Stock Index Chart Patterns - BSE Sectoral Indices, Feb 22, '12

A few days after the previous post two months back on the chart patterns of BSE’s Sectoral indices, the Sensex touched a bottom and embarked on a two months long rally. It may be a good time to check how the Sectoral indices have fared.

BSE Auto Index

BSE Auto Index

The BSE Auto index received good support from the lower end of the rectangular consolidation zone between 8000 and 9700 and rallied smartly to the upper end of the band earlier in Feb ‘12. After a brief consolidation, the index has broken out to test its Jan ‘11 top.

A pullback down to the top of the rectangular band can be expected. The ‘golden cross’ of the 50 day EMA above the 200 day EMA and more than a 20% rise from its recent bottom have confirmed a return to a bull market. Add on dips.

BSE Bankex

BSE BANKEX

The BSE Bankex has risen more than 40% from its Dec ‘11 low, but is yet to test its 2011 tops. The index has moved well past the support/resistance level of 11400 and its 200 day EMA, but the ‘golden cross’ is still awaited. That should not deter investors from accumulating.

BSE Capital Goods Index

BSE Capital Goods Index

The BSE Capital Goods index is struggling to break the stranglehold of the bears. It is trading below the support/resistance level of 12300 and is yet to convincingly move above its 200 day EMA. Accumulate selectively.

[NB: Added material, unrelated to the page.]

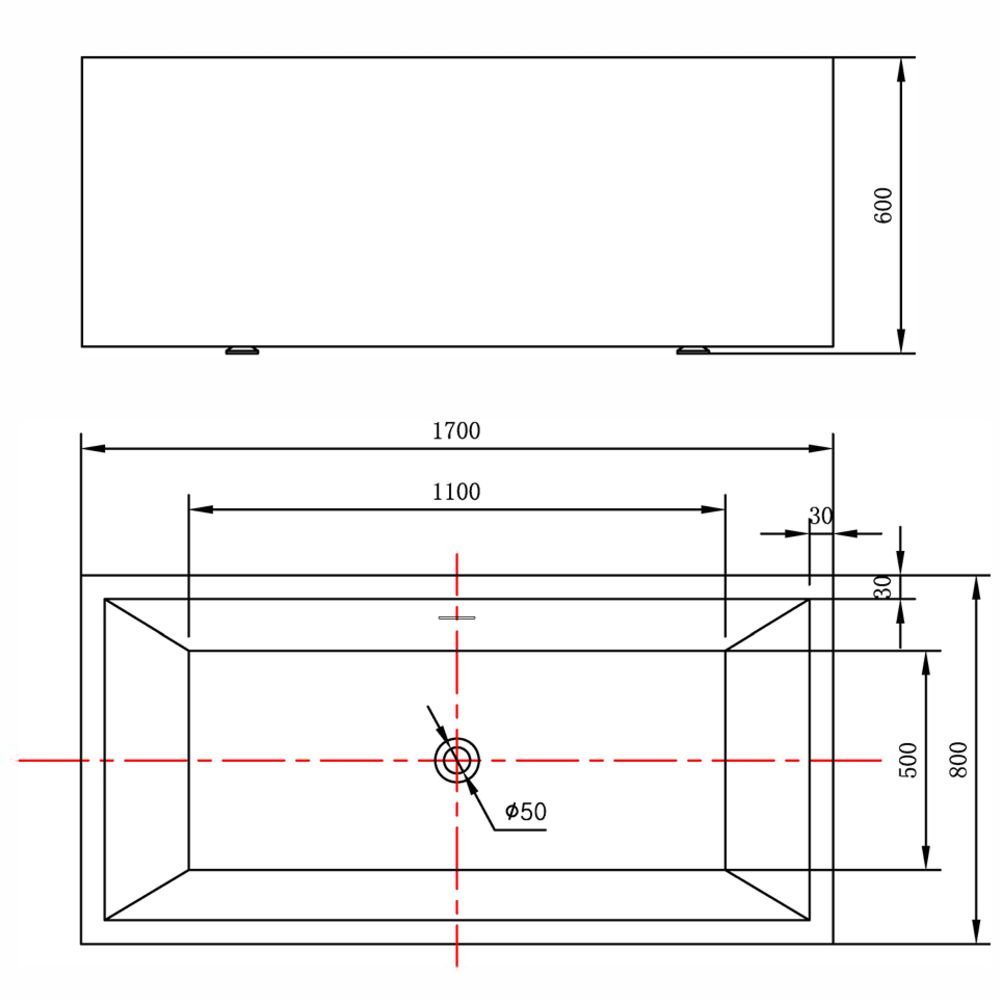 Brooklyn Multi-fit-free Gloss White Freestanding Bath - 1700mm – view 4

BSE Consumer Durables Index

BSE Consumer Durables Index

The BSE Consumer Durables index has risen almost 40% from its Dec ‘11 low and is on the verge of entering a bull market. Three ‘fan lines’ have been drawn through the Nov ‘10 top. Note that the second line drawn through the Apr ‘11 top became a support level in Jun, Aug and Nov ‘11. After getting breached in Dec ‘11, it briefly acted as a resistance level. Accumulate selectively.

BSE FMCG Index

BSE FMCG Index

One look at the BSE FMCG index should make it clear to all why it is my favourite sector. Despite a brief drop below the 200 day EMA in Feb ‘11, the index remained in a bull market and outperformed the Sensex. Nothing spectacular or exciting, just a steady climb along the second fan line. Add on dips.

BSE Healthcare Index

BSE Healthcare Index

After a 13 months long consolidation within a triangle pattern, the BSE Healthcare index has broken out upwards and returned to a bull market. It is currently consolidating within a small ‘falling wedge’ pattern from which it should break out upwards. Accumulate.

BSE IT Index

BSE IT Index

The BSE IT index has sailed above the blue down trend line and back into a bull market. The expected slow down in the Eurozone didn’t happen. Add on dips.

BSE Metal Index

BSE Metal Index

The BSE Metals index is still in a bear market, despite rising 37% from its Dec ‘11 low and a brief foray above the 200 day EMA. The blue down trend line continues to rule the chart. One can be a contrarian, but be very selective in choosing stocks.

BSE Oil & Gas Index

BSE Oil & Gas Index

The BSE Oil & Gas index is trying desperately to stay above the 200 day EMA, but has still not broken its down trend line. Interference by the government has almost ruined this sector. Avoid the oil PSUs. The gas PSUs are in better shape.

BSE Power Index

BSE Power Index

A spectacular rally in the beaten down BSE Power index has almost propelled it into a bull market. The index is trading above its 200 day EMA and has pulled back to the blue down trend line after climbing past it. The ‘golden cross’ is still awaited. Rumours of likely sops in the forthcoming budget has fuelled the rally. Unless coal supply is ensured, the power sector may continue to face headwinds. Avoid.

BSE Realty Index

BSE Realty Index

The BSE Realty index had been hammered to a pulp by the bears, but is trying to make a strong recovery. The chart shows an upward break out from a bullish inverse head-and-shoulders reversal pattern. The ‘head’ of the pattern is itself a mini inverse head-and-shoulders pattern. Note that the minimum upward target from the inverse head-and-shoulders pattern has been met.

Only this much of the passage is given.